Pictures excluded, please transcribe exactly the lines from the one with "836 14th St" through the end of the records below, and nothing more.

========================================

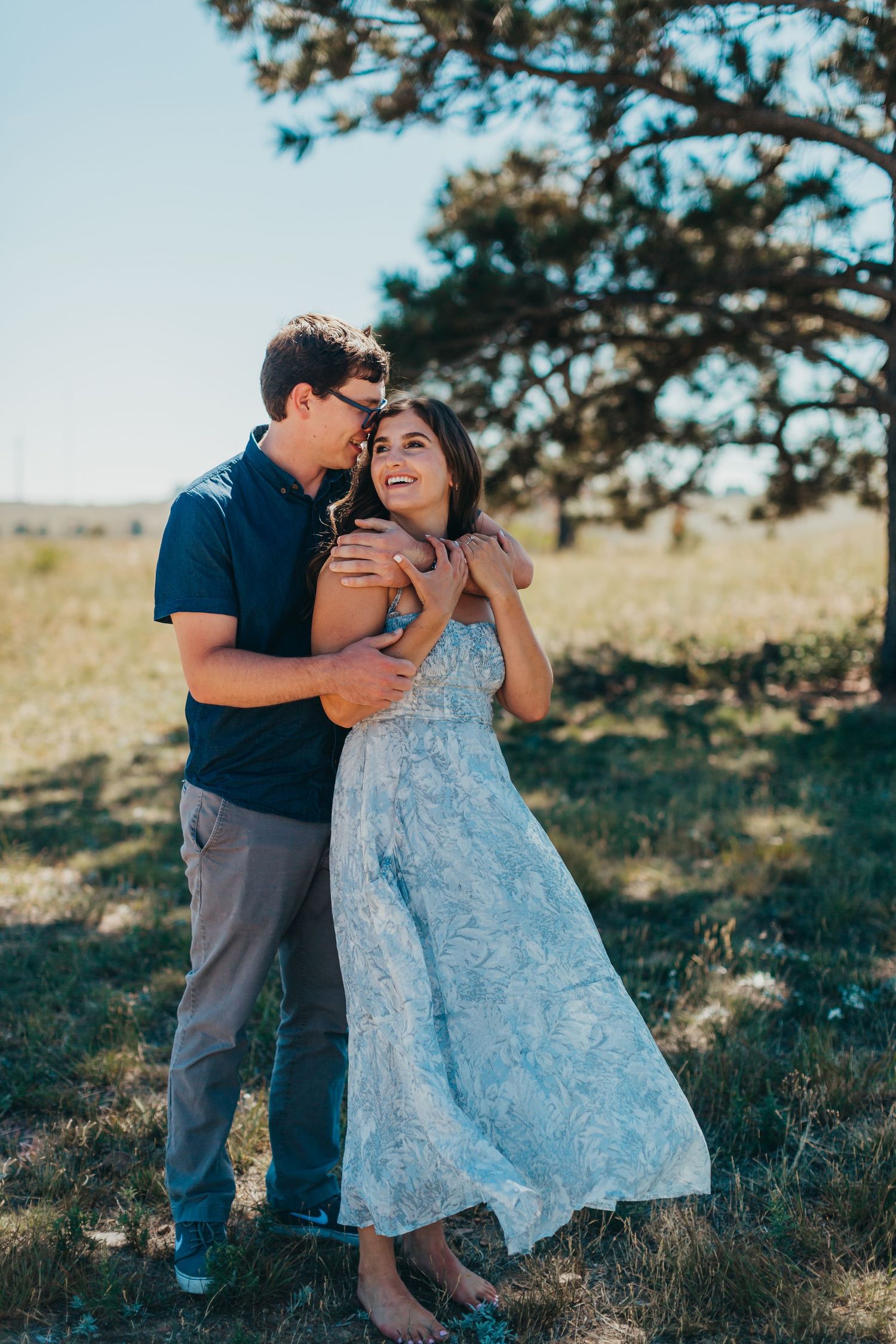Romantic couple embracing in sunlit meadow with pine tree in background.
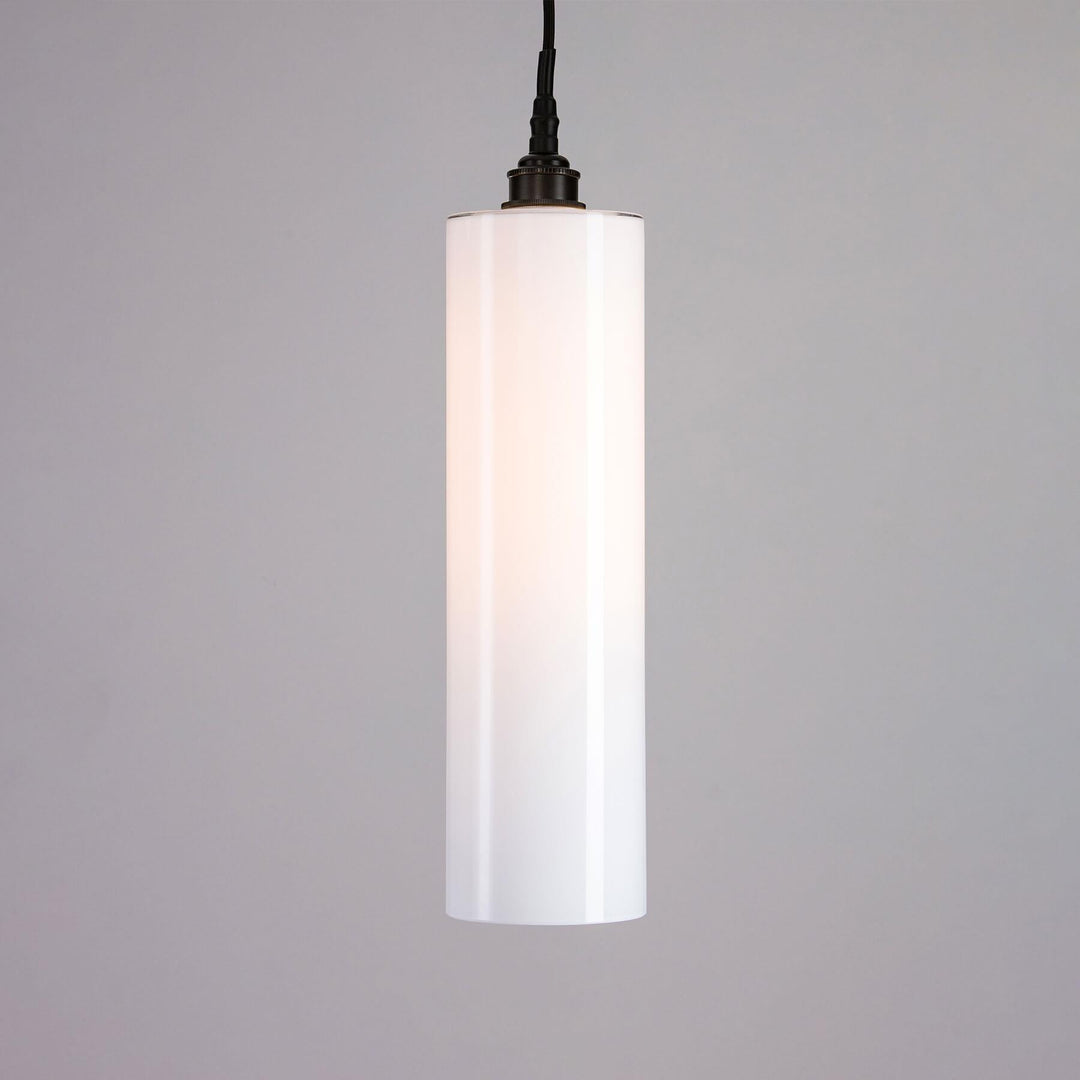An Old School Electric Parker Bathroom Pendant Light, classified as a lighting fixture, hanging on a gray wall.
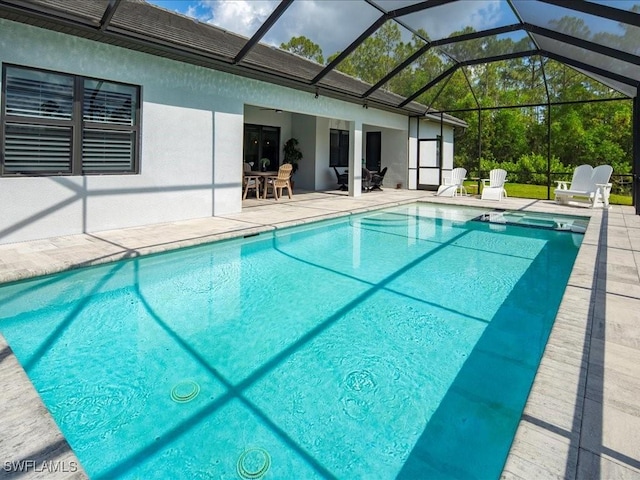 836 14th St SE, Naples, FL 34117 - view of pool with a patio, a pool with connected hot tub, and glass enclosure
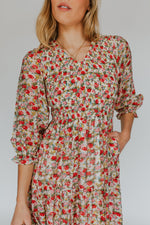 The Wolters Smocked V-Neck Floral Midi Dress in Ivory Multi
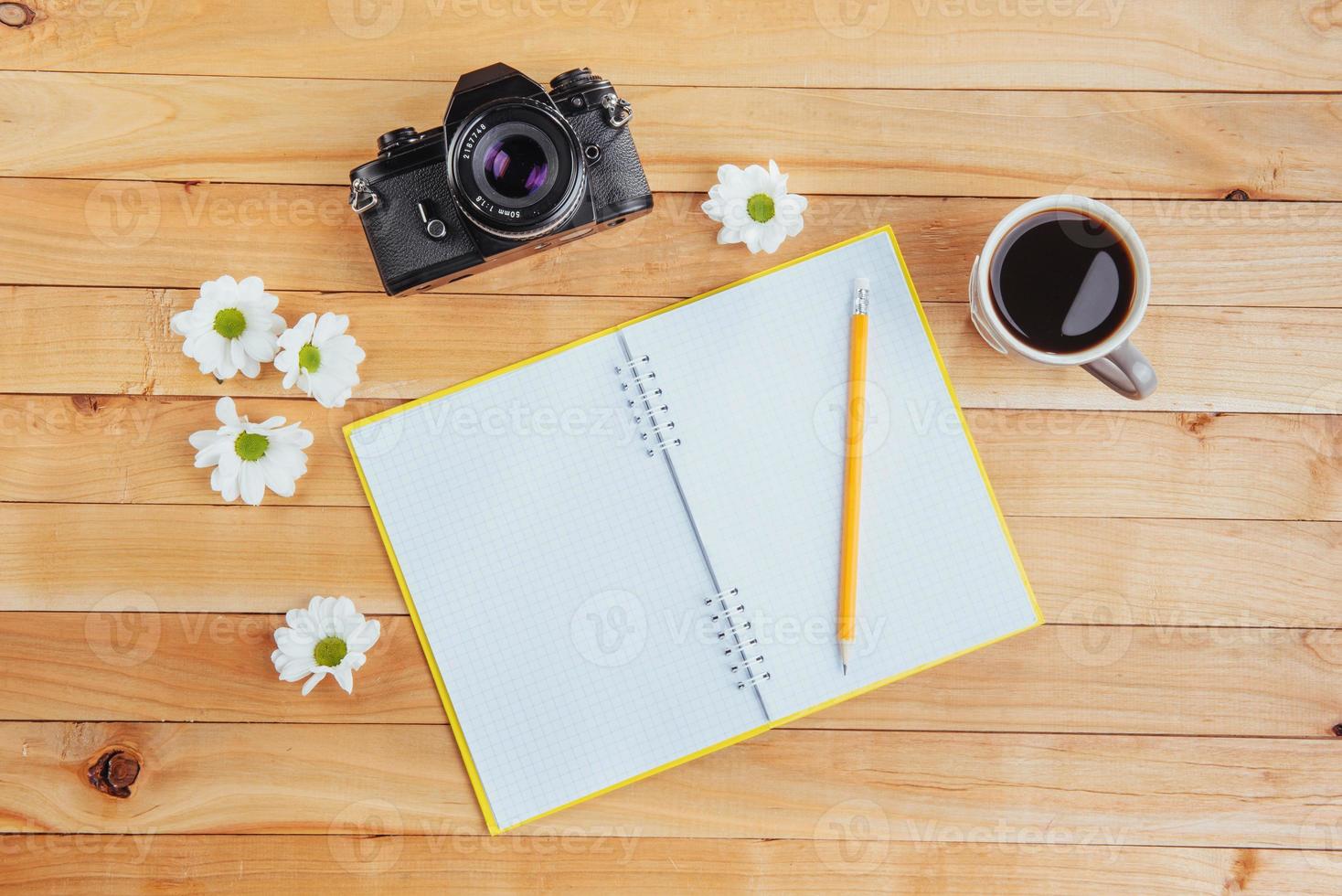 sobre fondo de madera cuaderno lápiz, café y flores. foto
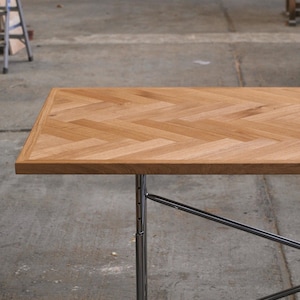 Op de afbeelding: Een rechthoekige houten tafel met een visgraatpatroon op het tafelblad. De tafel heeft een lichtbruine afwerking en wordt ondersteund door chromen poten. De tafel is ongeveer 122 cm lang.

========================================

◆ WRITTEN REPLY
 836 14th St SE, Naples, FL 34117 - view of pool with a patio, a pool with connected hot tub, and glass enclosure
 The Wolters Smocked V-Neck Floral Midi Dress in Ivory Multi
 sobre fondo de madera cuaderno lápiz, café y flores. foto
 Op de afbeelding: Een rechthoekige houten tafel met een visgraatpatroon op het tafelblad. De tafel heeft een lichtbruine afwerking en wordt ondersteund door chromen poten. De tafel is ongeveer 122 cm lang.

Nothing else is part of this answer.